228、pandas.Series.argsort方法

228-1、语法

228-2、参数

228-3、功能

228-4、返回值

228-5、说明

228-6、用法

228-6-1、数据准备

228-6-2、代码示例

228-6-3、结果输出

229、pandas.Series.argmin方法

229-1、语法

229-2、参数

229-3、功能

229-4、返回值

229-5、说明

229-6、用法

229-6-1、数据准备

229-6-2、代码示例

229-6-3、结果输出

230、pandas.Series.argmax方法

230-1、语法

230-2、参数

230-3、功能

230-4、返回值

230-5、说明

230-6、用法

230-6-1、数据准备

230-6-2、代码示例

230-6-3、结果输出

二、推荐阅读

1、Python筑基之旅

2、Python函数之旅

3、Python算法之旅

4、Python魔法之旅

5、博客个人主页

一、用法精讲

226、pandas.Series.pad方法

226-1、语法

# 226、pandas.Series.pad方法
pandas.Series.pad(*, axis=None, inplace=False, limit=None, downcast=_NoDefault.no_default)
Fill NA/NaN values by propagating the last valid observation to next valid.

Deprecated since version 2.0: Series/DataFrame.pad is deprecated. Use Series/DataFrame.ffill instead.

Returns:
Series/DataFrame or None
Object with missing values filled or None if inplace=True.

226-2、参数

226-2-1、axis(可选，默认值为None)：用于确定操作的轴，对于Series来说，它的作用不大，因为Series是一维的，通常不需要指定轴。

226-2-2、inplace(可选，默认值为False)：如果设为True，则会在原地修改Series 对象而不是返回一个新的对象。

226-2-3、limit(可选，默认值为None)：一个整数，指定填充的最大范围，即如果填充的连续缺失值超过这个限制，填充将会停止。

226-2-4、downcast(可选)：用于控制数据类型的转换，通常情况下，你不需要设置这个参数，它在自动调整数据类型时会用到。

226-3、功能

用于填充Series对象中的缺失值(例如NaN)，使用前一个有效值进行填充，这在处理时间序列数据时特别有用，可以保持数据的连续性。

226-4、返回值

返回一个Series对象，其中所有的缺失值都被填充为前一个有效值，如果inplace=True，则直接在原Series对象上修改，不返回新对象

226-5、说明

与pandas.Series.ffill方法的功能相同。

226-6、用法

226-6-1、数据准备

无

226-6-2、代码示例

# 226、pandas.Series.pad方法
import pandas as pd
import numpy as np
# 创建一个包含缺失值的Series
s = pd.Series([1, np.nan, 3, np.nan, 5])
# 使用pad方法填充缺失值
result = s.pad()
print(result)

226-6-3、结果输出

# 226、pandas.Series.pad方法
# 0    1.0
# 1    1.0
# 2    3.0
# 3    3.0
# 4    5.0
# dtype: float64

227、pandas.Series.replace方法

227-1、语法

# 227、pandas.Series.replace方法
pandas.Series.replace(to_replace=None, value=_NoDefault.no_default, *, inplace=False, limit=None, regex=False, method=_NoDefault.no_default)
Replace values given in to_replace with value.

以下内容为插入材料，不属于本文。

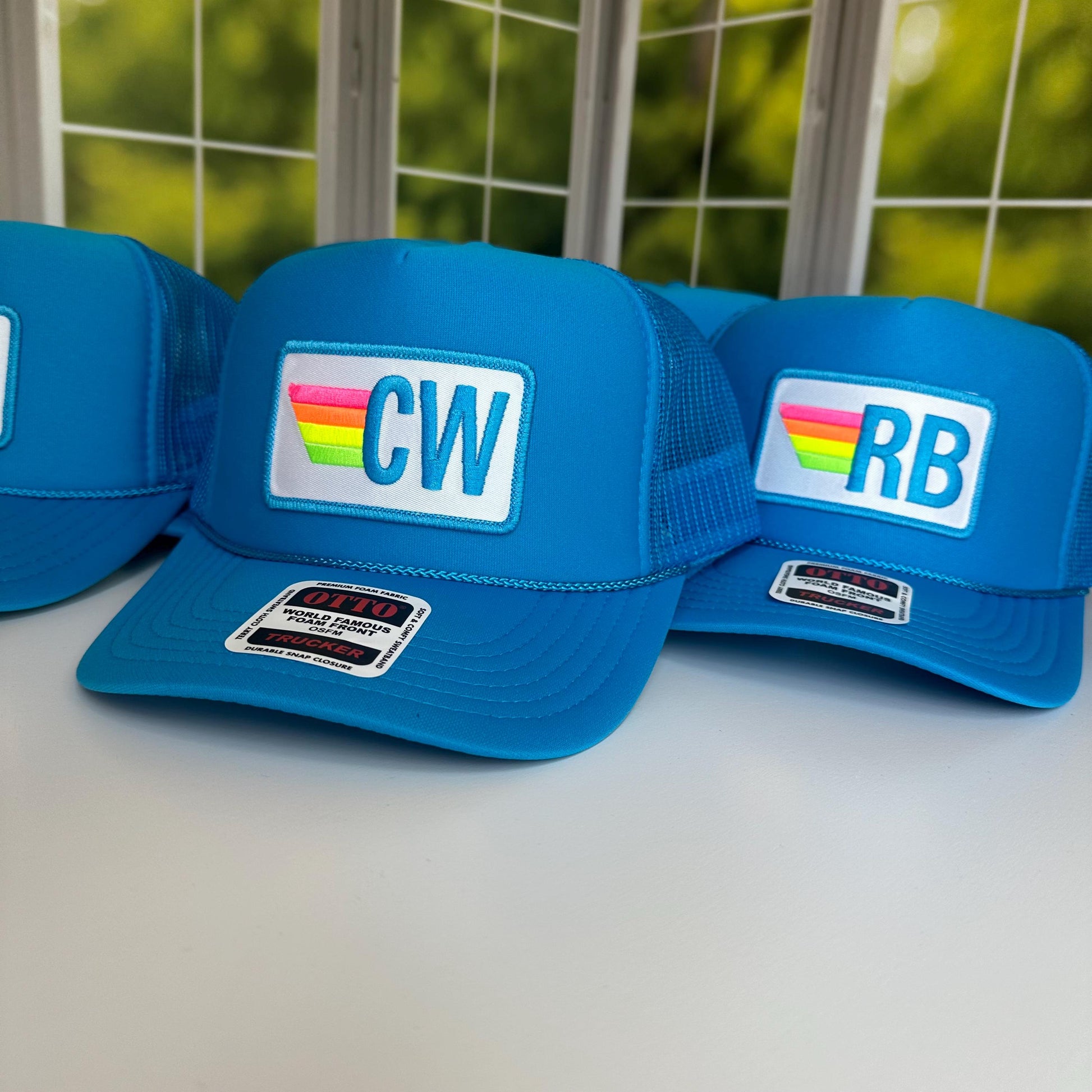 Rainbow Stripe Patch with Initials Trucker Hat, Custom Monogram Patch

Values of the Series/DataFrame are replaced with other values dynamically. This differs from updating with .loc or .iloc, which require you to specify a location to update with some value.

Parameters:
to_replacestr, regex, list, dict, Series, int, float, or None
How to find the values that will be replaced.

numeric, str or regex:

numeric: numeric values equal to to_replace will be replaced with value

str: string exactly matching to_replace will be replaced with value

regex: regexs matching to_replace will be replaced with value

list of str, regex, or numeric:

First, if to_replace and value are both lists, they must be the same length.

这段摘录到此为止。